Central and Southern Oregon Coast Economy for 2020

by Erik Knoder

June 16, 2021

The economy of the central and southern Oregon coast lost jobs in 2020 as business restrictions related to the COVID-19 pandemic hit. Job losses occurred first and hardest in the leisure and hospitality industry but quickly spread to all major sectors. The annualized job loss in 2020 was 7.3%.

The economy of the central and southern Oregon coast is mainly contained in Lincoln, Coos, and Curry counties. This analysis is based on economic data for those three counties. The coastal cities of Florence and Reedsport lie in Lane and Douglas counties, but the economies of those counties are dominated by interior cities and they are excluded from this analysis.

January and February of 2020 showed small growth over the year in employment for those jobs covered by unemployment insurance (typically about 90%-95% of total employment). This payroll employment fell by 190 jobs in March 2020 as concerns about the pandemic spread and some business and social restrictions began, then fell by an astounding 8,400 jobs (-17.6%) in April when the full impact of closures was counted for the first time. The downturn lasted only these two months, and by May 2020 employment had increased by 1,680 jobs. Employment increased over the summer before showing a normal seasonal decline in November and December. Payroll employment ended the year 6,230 jobs above its low point in April but 2,780 below its level the previous year in December 2019. Employment since December 2020 has changed only slightly. Jobs were added in January and March 2021 but February and April showed losses.

The seasonally adjusted unemployment rates for Coos and Curry counties (6.8% and 6.7%, respectively) were actually a little below their long-run averages in December 2020. Lincoln County’s rate (7.8%) was just slightly above its long-run average. That remained the case for early 2021. The counties’ rates have been higher than the statewide level and higher than pre-pandemic levels, but they indicate that the labor market is actually tighter than pandemic job losses might suggest.

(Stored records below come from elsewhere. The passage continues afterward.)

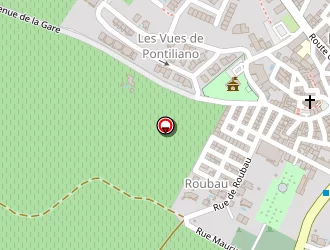 Carte de Rogeron Vincent à Ponteilla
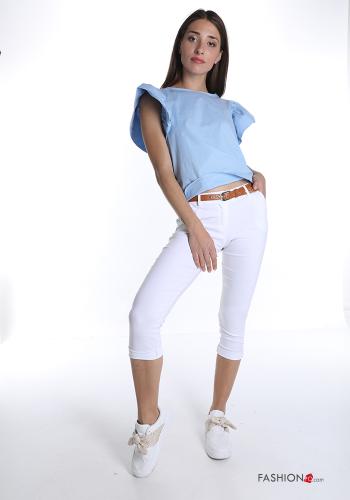 Pantalons avec ceinture avec poches - ph 5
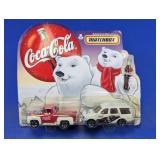 Matchbox Coca-Cola Die-Cast Vehicle Set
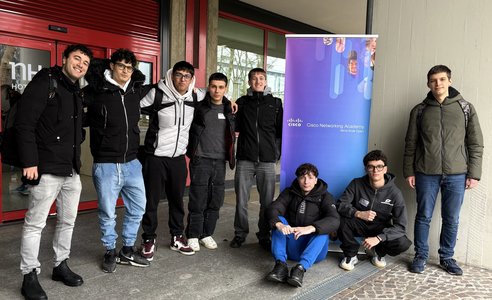 Due studenti della5ITEL vincono un contest di Cybersecurity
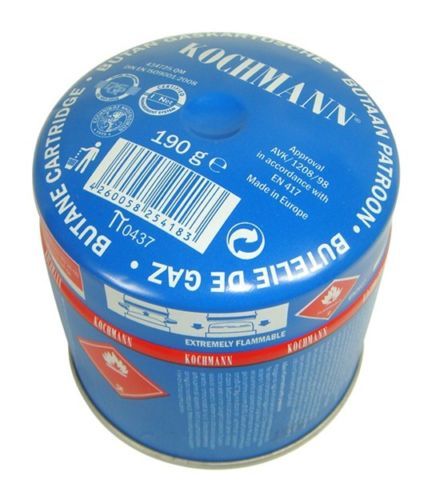 Butan Gas Kartusche Gaskartuschen 190g Stechkartusche Campingkocher Gaskocher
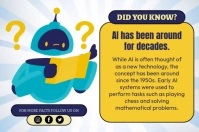 Facts About AI 海报 template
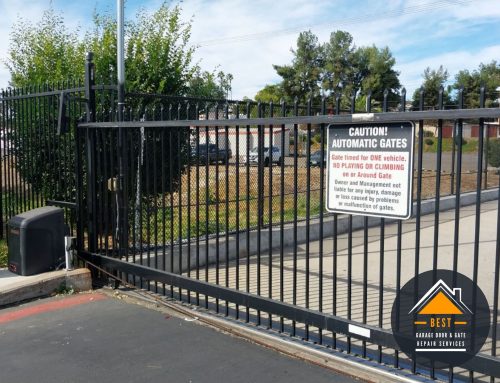 Commercial Slide Gate Fabrication and Installation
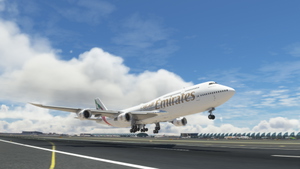 [DISCONTINUED] - Asobo Boeing 747-8 Emirates New Livery thumbnail 18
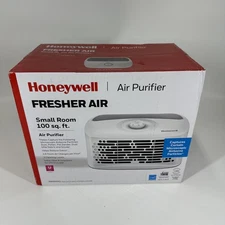 Honeywell HHT270WHDV Portable  HEPAClean Tabletop Air Purifier - White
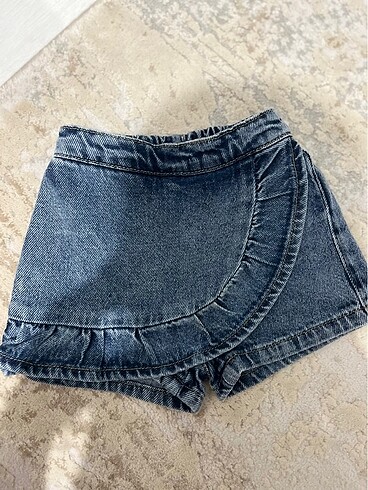 LC Waikiki Jean Şort Etek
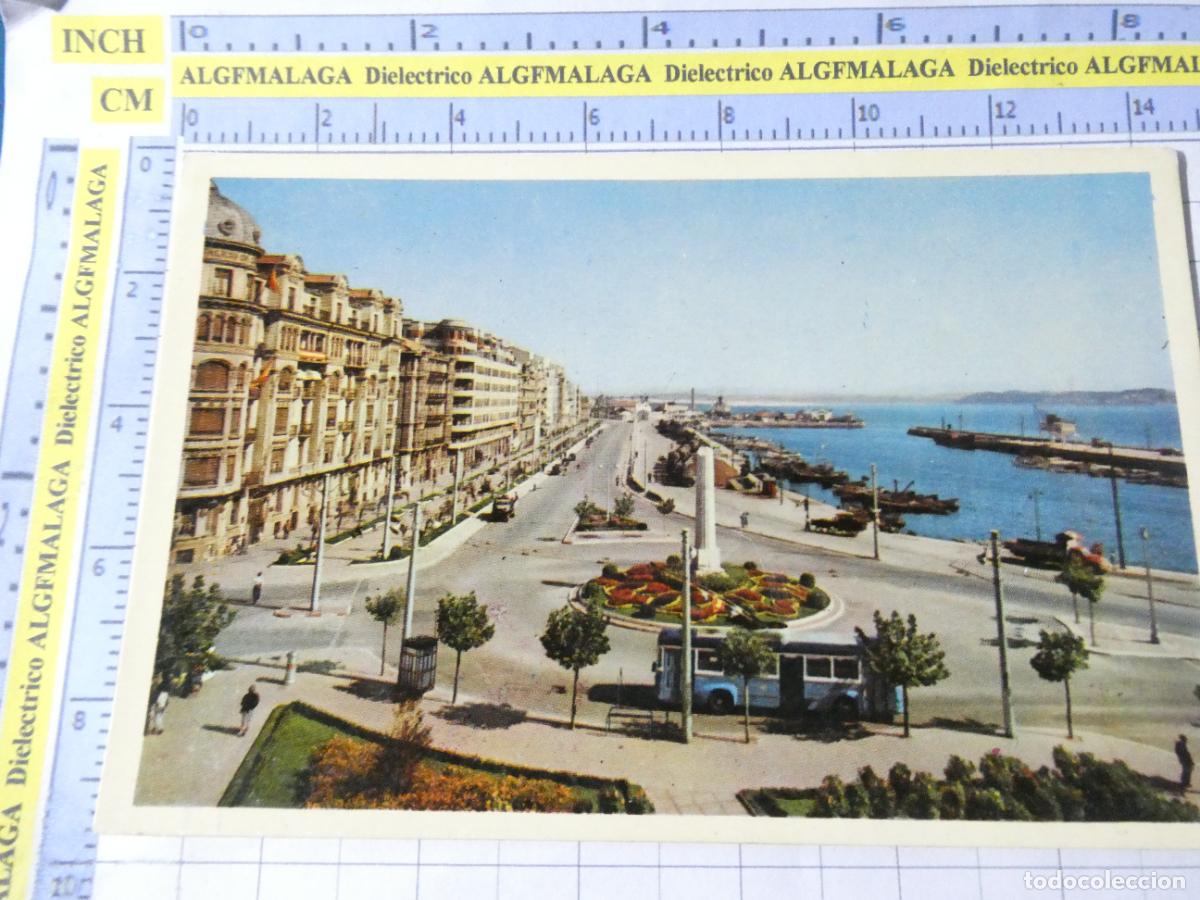 Postales: POSTAL DE CANTABRIA. A&Ntilde;OS 50. SANTANDER PUERTO CHICO 11 DOMINGUEZ. 2774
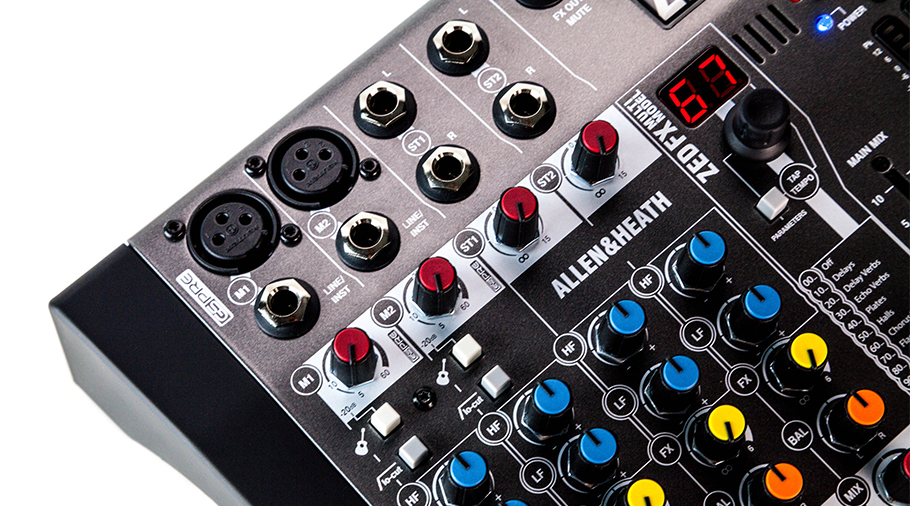 Allen & Heath ZED-6FX میکسر صدا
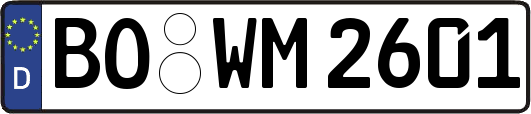 BO-WM2601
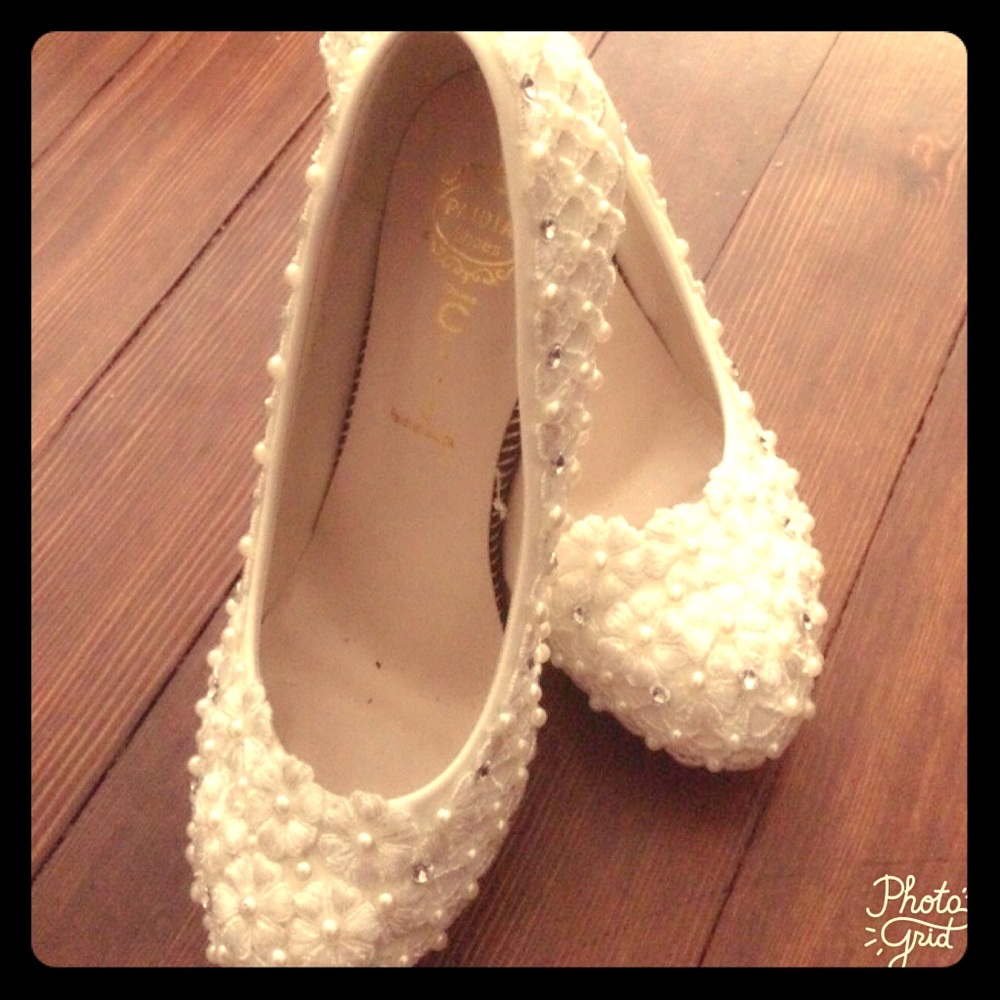 Wedding shoes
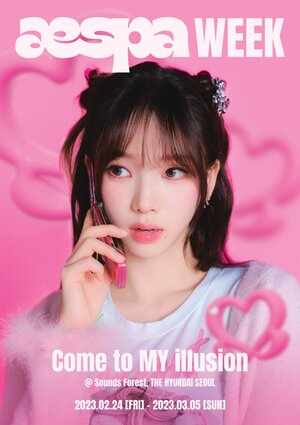 aespa - 'Come to MY illusion' Pop-up Store Concept Teasers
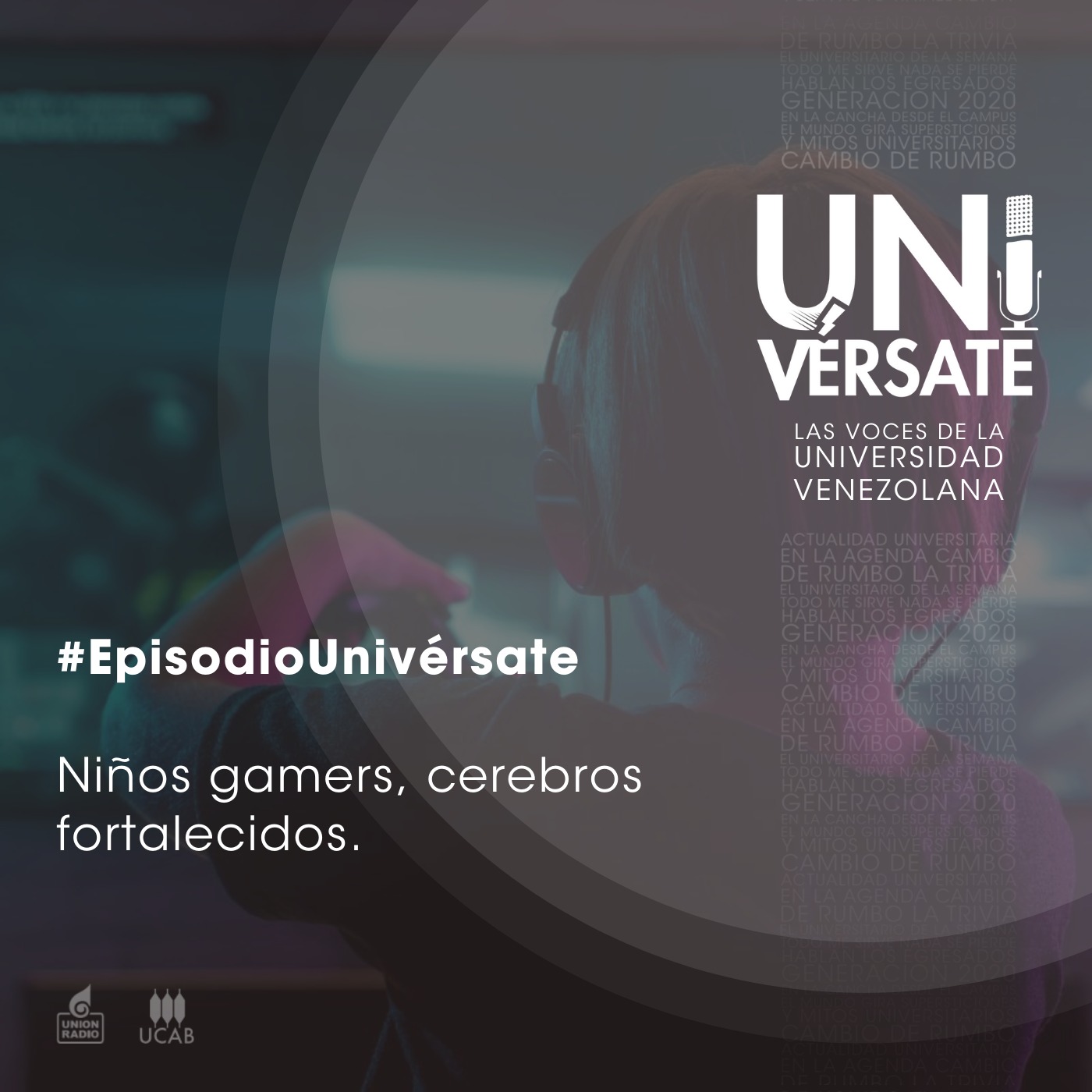 Episodio 135: Niños Gamers, cerebros fortalecidos episode artwork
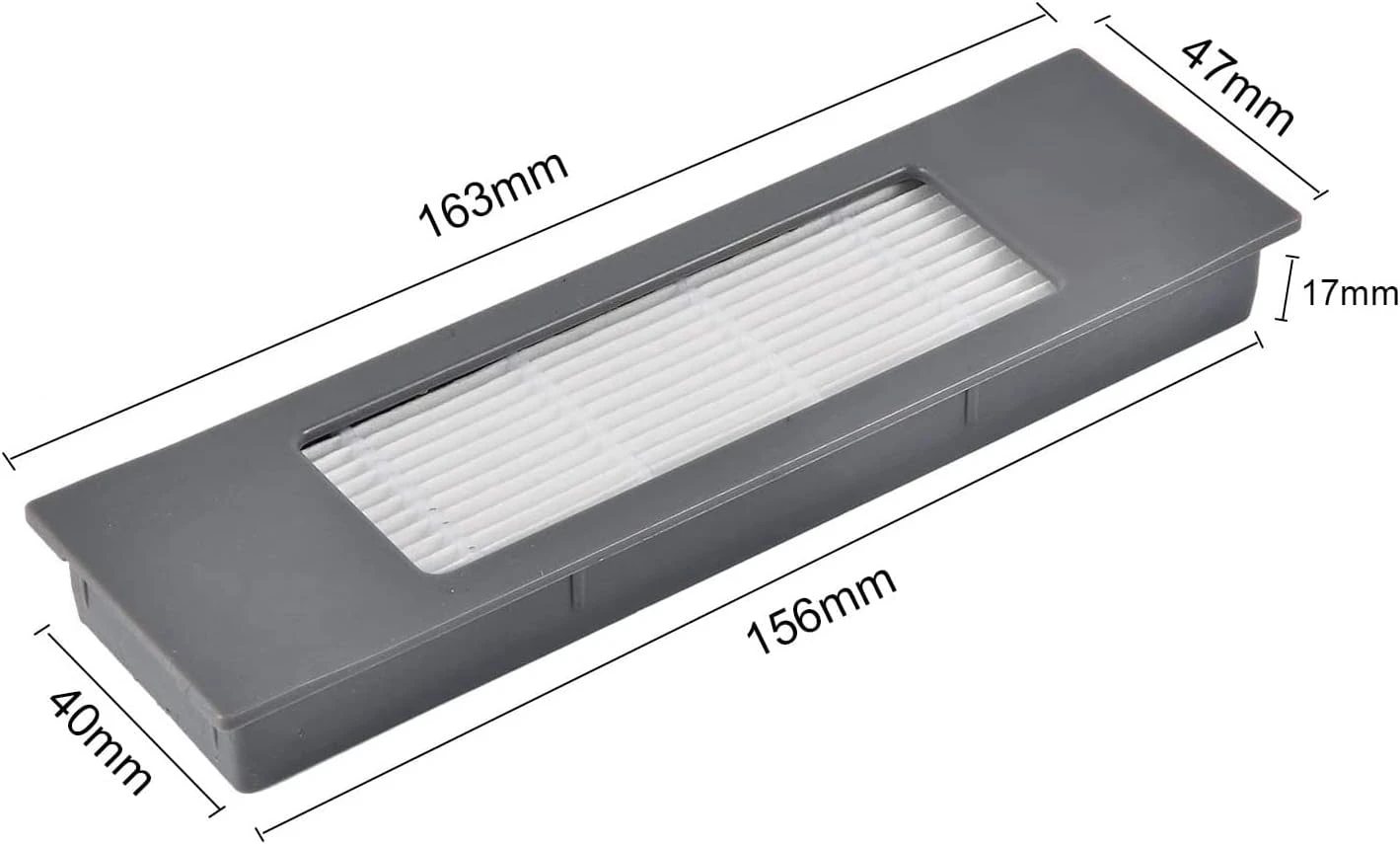 Replacements Parts For DEEBOT OZMO T8, T8 AIVI, T8 Max, N7, OZMO N8 Pro, N8 Pro+, N8+, N8, N8 Pro Plus Vacuum Cleaner 7 Replacements Parts For DEEBOT OZMO T8, T8 AIVI, T8 Max, N7, OZMO N8 Pro, N8 Pro+, N8+, N8, N8 Pro Plus Vacuum Cleaner - Image 5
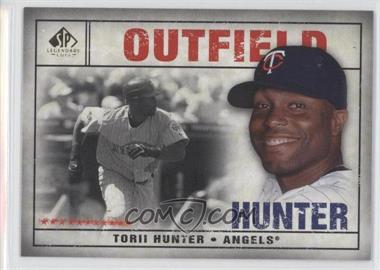 2008 SP Legendary Cuts - [Base] #39 - Torii Hunter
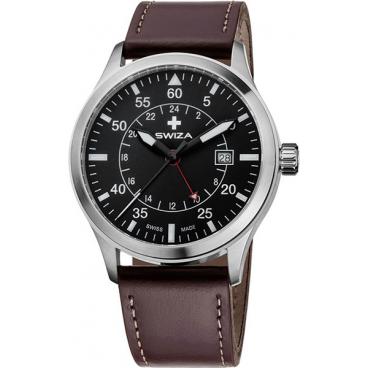 Мужские швейцарские наручные часы Swiza WAT.0352.1002 1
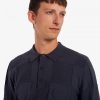 Tonal Check Knitted Shirts Tonal Check Knitted Shirts
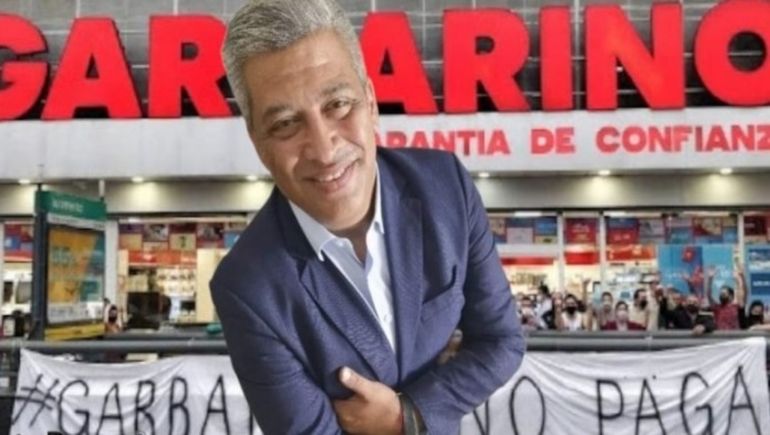 El dueño de Garbarino complicado: le prohíben salir del país en medio de las protestas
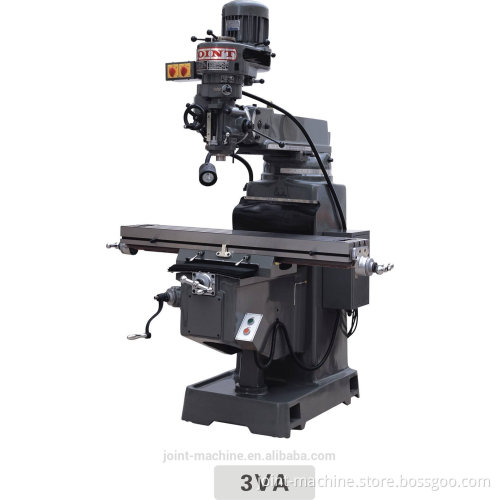 High precise and high quality samll vertical turret milling machine 3VA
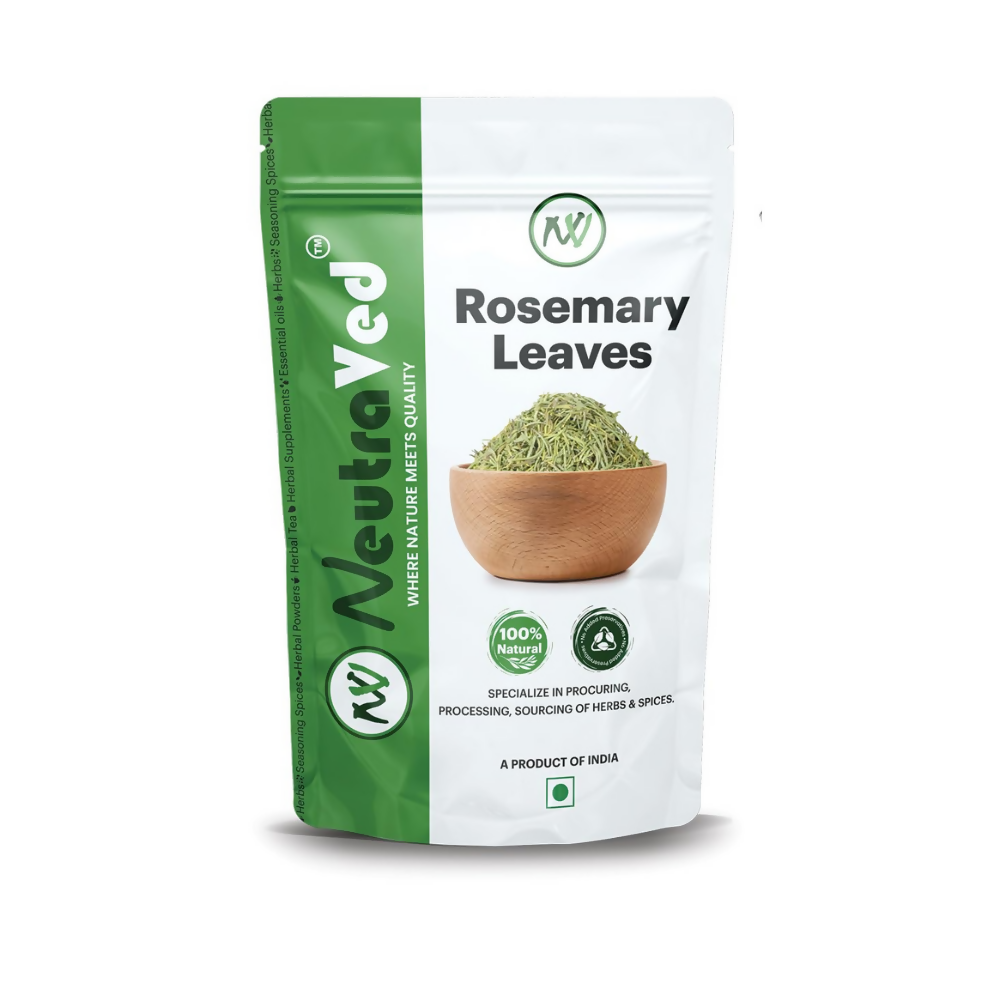 NeutraVed Rosemary Leaves For Hair Growth & Hair Fall Control
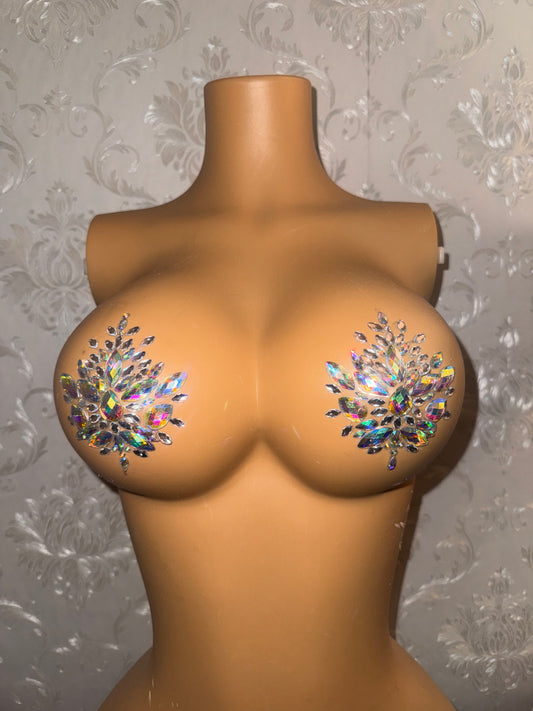 Crystal Pasties Traditional Rhinestone Sticker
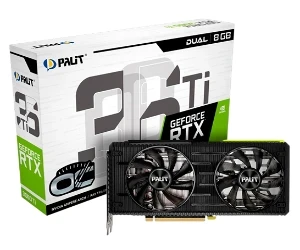 Palit GeForce RTX 3060 Ti 8 GB GDDR6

Lincoln, Coos, and Curry counties combined to lose 3,560 payroll jobs covered by unemployment insurance in 2020. Employment in December 2020 was 45,537, which was pretty close to the annual average of 45,240 jobs. The long-run annual growth in employment in these counties is forecast to be about 0.7%; this slow growth potential may affect the region’s ability to regain jobs after the pandemic recession.

Retail trade shed 920 jobs (-14%) along the central and south coast during the pandemic recession. The industry bounced back fairly quickly, however, and by August 2020 was down only 100 jobs from the previous year. As of March 2021 retail trade was actually ahead of March 2020 by 50 jobs, although April showed a slight drop compared with pre-pandemic levels. Essentially, the industry has recovered its pre-pandemic employment.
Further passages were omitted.